Do not plant right against the support, as it will create a rain shadow. If planting against a solid structure such as wall or fence allow about a 45cm (18in) gap between the plant and the wall. Otherwise, a 20-30cm (8in-1ft) gap is sufficient. Some climbers (certain clematis for example) benefit from deeper planting.
Initial training and pruning
If you are raising your own plant from seed or cuttings, create a wigwam of split canes or slender bamboo canes within the pot as soon as the young plant needs support. Twine new stems up these, tying carefully with twine. Try not to let the shoots tangle together too much as they will need to be untwined when they go on their final supports. Add taller canes if necessary but ideally plant out as soon as the rootball is well developed.
Training against a wall
Make sure you have put up support wires on the wall first.
- Plant your climber about 30-45cm (1ft-18in) from the base of the wall, so that it has room for root development and will catch the rain.
- Remove all ties; with plants from a garden centre, use scissors to cut off plastic ties that hold the climber to its bamboo cane supports.
- Untwine the climber from any canes sufficiently to allow you to spread out the stems, but leave them still attached to their cane supports. Select three bamboo canes to train the climber at an angle up to the wire supports on the wall.
- Slip the bamboo canes under the wires to hold them in place, adjusting the positioning to create a fan shape. If your climber came twined around only one bamboo cane, then you’ll have to untwine it completely and find another two canes to train the stems.
- Tie the stems and canes to the wire supports. Garden twine is better than wire, which can damage the stems and leaves. Snip off the excess twine with scissors.
- After you have trained the main stems into a basic fan shape, you can use secateurs to prune off any weak or twiggy growth that doesn’t contribute to the main framework.
The end result is a well-planted climber, fan trained along bamboo canes that have been tied in to the wire supports on the wall.

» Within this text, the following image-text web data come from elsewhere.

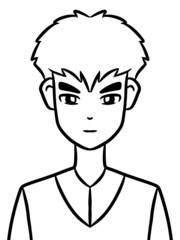 black and white of cute man for coloring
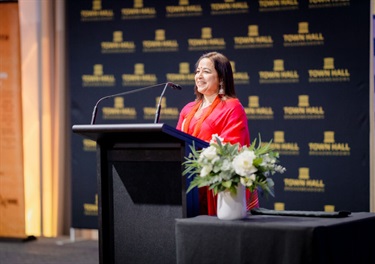 A woman giving speech 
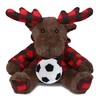 DolliBu Plaid Brown Moose with Hoodie Stuffed Animal with Soccer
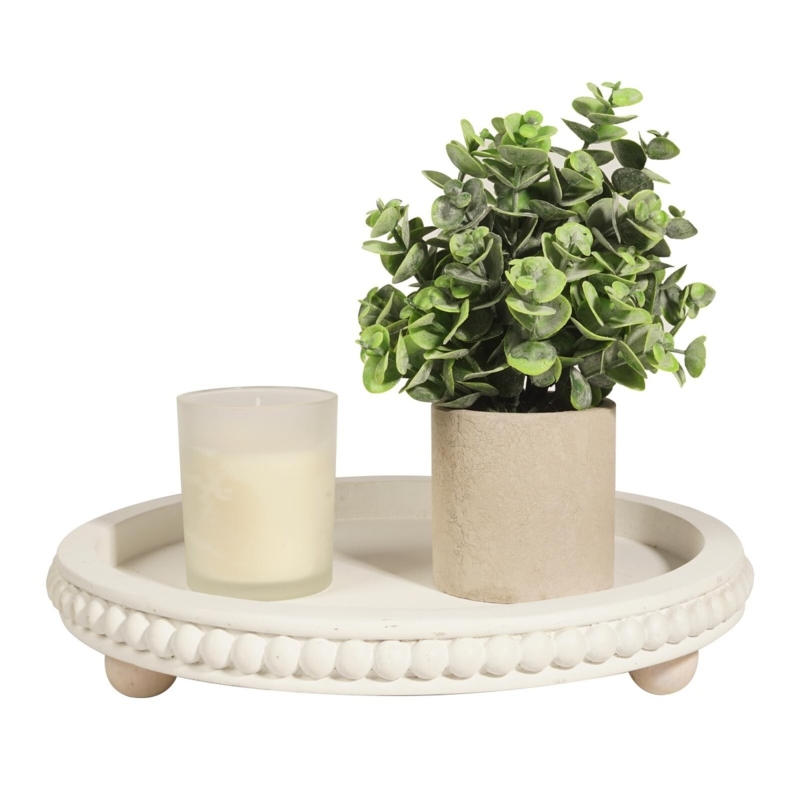 Rustic Tray Set Rectangular Whitewashed Distressed Wood Nesting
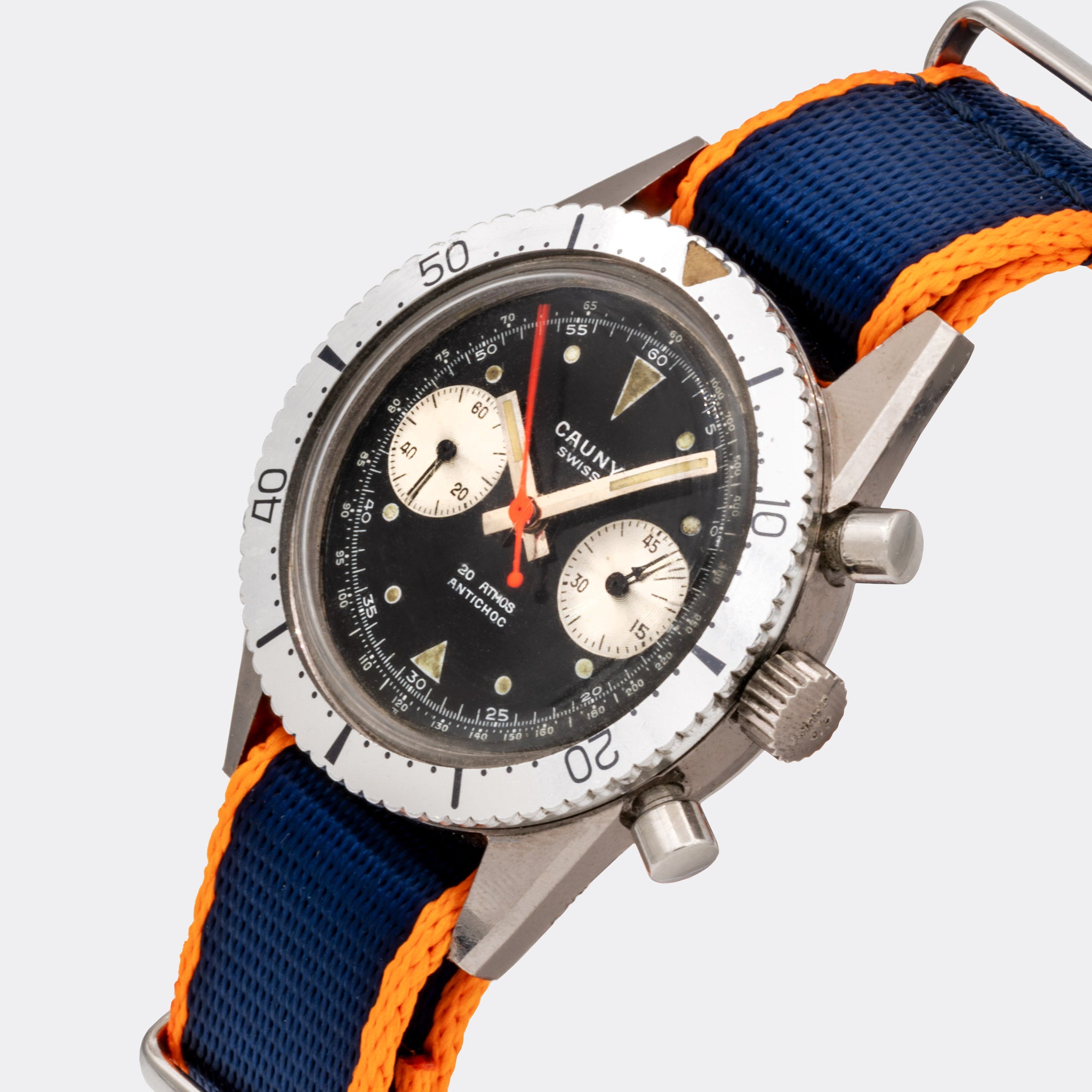 CAUNY | Swiss Diver Chronograph De Luxe | Red Second | Tritium Dial | Automatic | 1970s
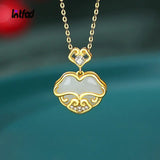 925 Silver Natural Hotan Jade Retro Necklace for Women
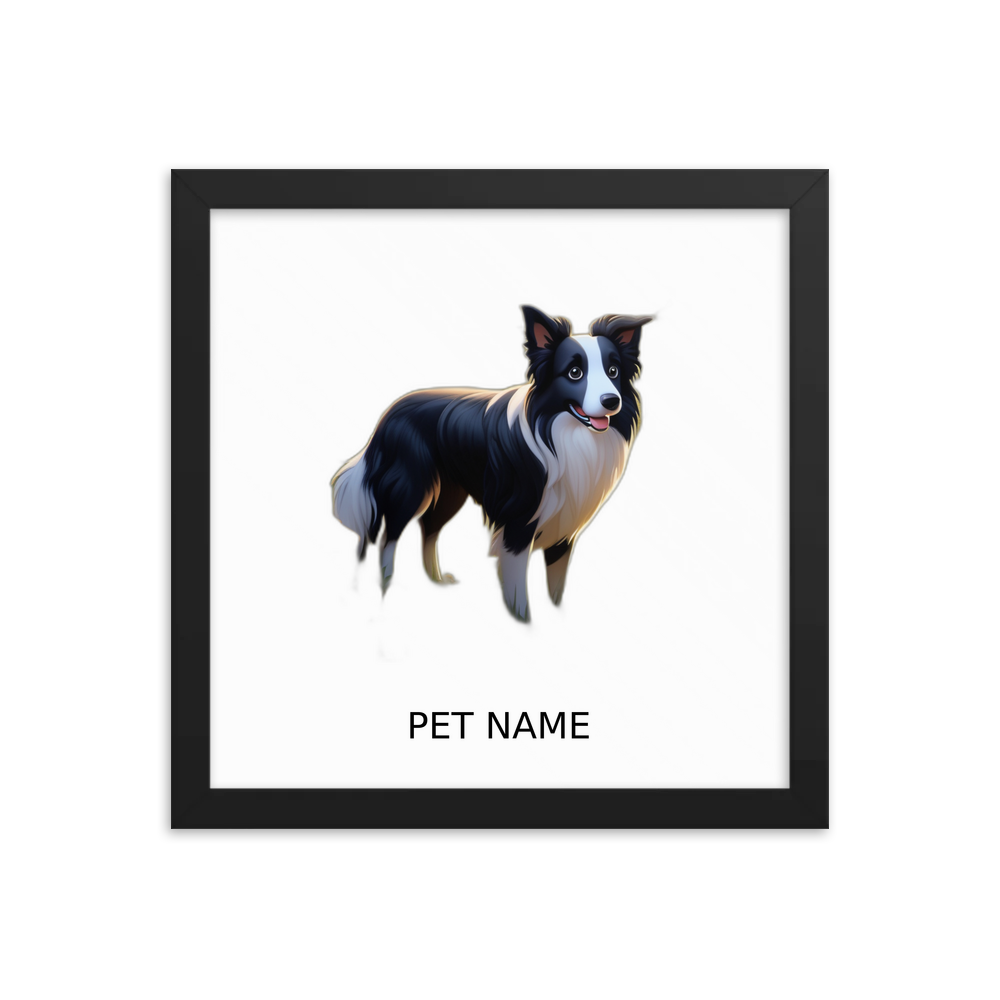 PugMug Custom Border Collie Framed Print with Your Pet’s Name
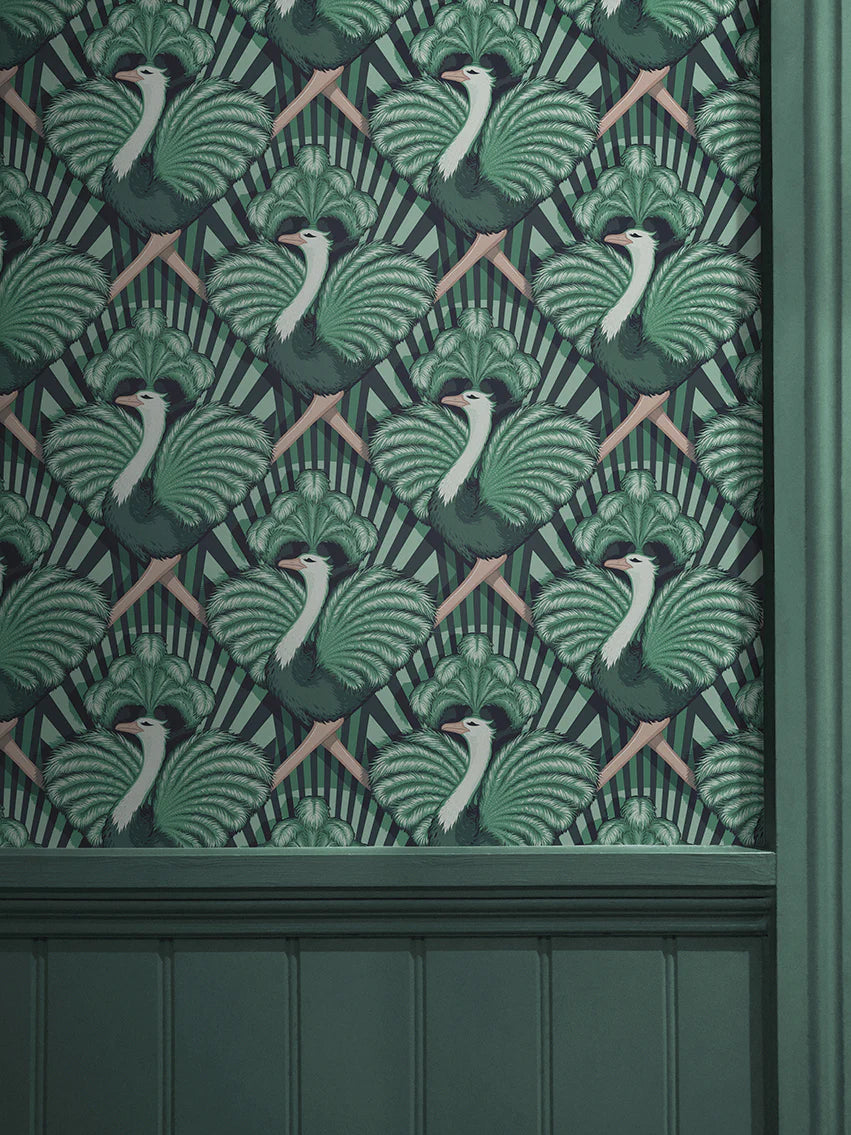 Zsa Zsa 'Bottle Green' Room Wallpaper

Tie new growth in regularly, and extend the canes as necessary. You could fill out the fan shape with new rows of canes, to accommodate lengthening main stems and new sub-branches. Eventually, when the climber has formed thick woody stems, you can remove the canes, and the plant will hold its fan shape unaided.
If your climber has spindly stems without many growth buds, you can shorten the main stems by about one-third, to encourage vigour and bushing out.
If your climber fails to thrive, it may be struggling to establish, perhaps because of difficult soil conditions, poor planting technique, or inadequate aftercare.